Отдельная тема для дискуссий – какими реальными проектами можно наполнить дальневосточные особые экономические зоны. Макроэкономические параметры России таковы, что особые экономические зоны – это скорее «вход» на внутренний рынок страны, чем создание экспортно-ориентированного производства. Если мы посмотрим на карту размещения таких зон в нашей стране, то увидим, что они концентрируются, либо вблизи обеих столиц (в географическом сосредоточении громадной доли внутреннего рынка) либо в Поволжье, и главным образом в Татарстане, который обладает мощным промышленным потенциалом. На Дальнем Востоке нет ни того, ни другого, а по таким показателям как стоимость труда и благоприятность климатических условий мы заведомо неконкурентоспособны с соседним Китаем. Тенденция, порождённая самой жизнью, сегодня обратная – компании Дальнего Востока размещают свои заказы на китайских фабриках и продают эти товары уже здесь под своими марками.

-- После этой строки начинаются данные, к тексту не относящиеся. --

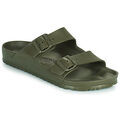 Mules homme sur Grenoble : Mules BIRKENSTOCK Arizona EVA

Министерству Дальнего Востока для успеха в создании особых экономических зон предстоит создать нетривиальную схему, успех которой будет зависеть не только от экономических факторов, но и от способности привлечь на свою сторону мощь государственной поддержки и от умения заручаться неформальными договорённостями. В данном контексте есть смыл учесть объективные российские условия и продумать такую модель ОЭЗ, которая сочетала бы возможности как выхода на внешний, так и входа на внутренний рынок. Например, иностранные компании получали бы доступ к природным ресурсам и их вывозу с Дальнего Востока в обмен на создание здесь конвейерных производств, ориентированных на европейскую Россию и страны Европейского Союза. Встаёт вопрос о стоимости транспортных перевозок – но именно здесь открывается широкое поле для инноваций с целью удешевления и повышения скорости, тем более, это согласуется с планами развития транзитного потенциала Транссибирской магистрали и Северного морского пути.